= Raoul de Presles (died 1382) =

Presentation miniature showing Raoul giving his translation of Augustine to Charles V

Raoul de Presles (1314/5 – 10 November 1382) was a French lawyer, royal advisor, author and translator.

== Life ==

Raoul was born in 1314–1315. He was an illegitimate child. His father, also Raoul de Presles, was a lawyer to King Philip IV of France. His mother was Marie de la Porte, also called Marie des Vertus. He was conceived and born during his father's imprisonment in the Grand Châtelet.

The younger Raoul followed his father into the legal profession and served as an advisor to King Charles V. In 1365, Raoul described himself as a short man, aged and infirm.

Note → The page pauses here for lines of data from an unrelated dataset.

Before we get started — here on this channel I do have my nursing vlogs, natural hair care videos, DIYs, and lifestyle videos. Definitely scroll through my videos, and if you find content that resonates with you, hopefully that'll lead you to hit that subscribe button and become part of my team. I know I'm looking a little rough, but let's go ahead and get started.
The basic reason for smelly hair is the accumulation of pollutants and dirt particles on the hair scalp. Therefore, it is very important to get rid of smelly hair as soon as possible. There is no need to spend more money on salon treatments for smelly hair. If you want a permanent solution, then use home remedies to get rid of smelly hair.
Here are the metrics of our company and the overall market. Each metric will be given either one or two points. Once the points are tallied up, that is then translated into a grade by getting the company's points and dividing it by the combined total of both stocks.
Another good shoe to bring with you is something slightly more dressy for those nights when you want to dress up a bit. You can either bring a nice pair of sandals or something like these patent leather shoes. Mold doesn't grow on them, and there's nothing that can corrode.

He makes several further references to ill health before dying on 10 November 1382 at an advanced age for the time.

== Works ==

Between 1363 and 1366, Raoul wrote two original works in Latin. The Compendium morale de re publica he dedicated to Bishop Jean d'Anguerant. His Musa was dedicated to Charles V. For Charles he also translated John of Paris's Rex pacificus and the anonymous Quaestio in utramque partem.

In 1371, Charles V commissioned Raoul to make an Old French translation of Augustine's City of God. This work was completed in 1375. The presentation copy prepared for the king still survives in Paris, Bibliothèque nationale de France, f.f. 22912–22913. It is a two-volume illuminated manuscript with "naively literal" but vivid illustrations. The programme of illustration was probably devised by Raoul himself. As there was no existing cycle of illustrations for Augustine's text, Raoul's choices were highly influential. The same workshop that produced the king's copy produced another copy later owned by John, Duke of Berry, and used the same illustration cycle for a copy of the Latin City of God around the same time.

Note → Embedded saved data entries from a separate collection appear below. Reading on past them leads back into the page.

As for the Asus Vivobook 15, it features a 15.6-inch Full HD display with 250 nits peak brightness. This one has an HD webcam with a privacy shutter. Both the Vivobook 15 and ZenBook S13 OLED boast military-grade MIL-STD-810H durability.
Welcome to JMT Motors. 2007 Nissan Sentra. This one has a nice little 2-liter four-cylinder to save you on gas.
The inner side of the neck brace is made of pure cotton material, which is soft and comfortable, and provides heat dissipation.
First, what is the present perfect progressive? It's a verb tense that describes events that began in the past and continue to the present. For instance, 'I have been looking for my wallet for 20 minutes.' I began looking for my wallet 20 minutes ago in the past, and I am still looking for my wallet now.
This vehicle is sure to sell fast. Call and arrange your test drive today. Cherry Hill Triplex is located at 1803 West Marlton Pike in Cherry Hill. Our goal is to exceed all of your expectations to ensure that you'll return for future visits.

Each chapter of the translation is followed by Raoul's original commentary. The total length of the commentary is equal to the length of Augustine's text. Raoul's comments draw heavily on those of his predecessors (Nicholas Trevet, Thomas Waleys, John Ridewall, John Baconthorpe, François de Meyronnes and Jacopo Passavanti).

Raoul also translated the Bible into French. His preface is dated 1377.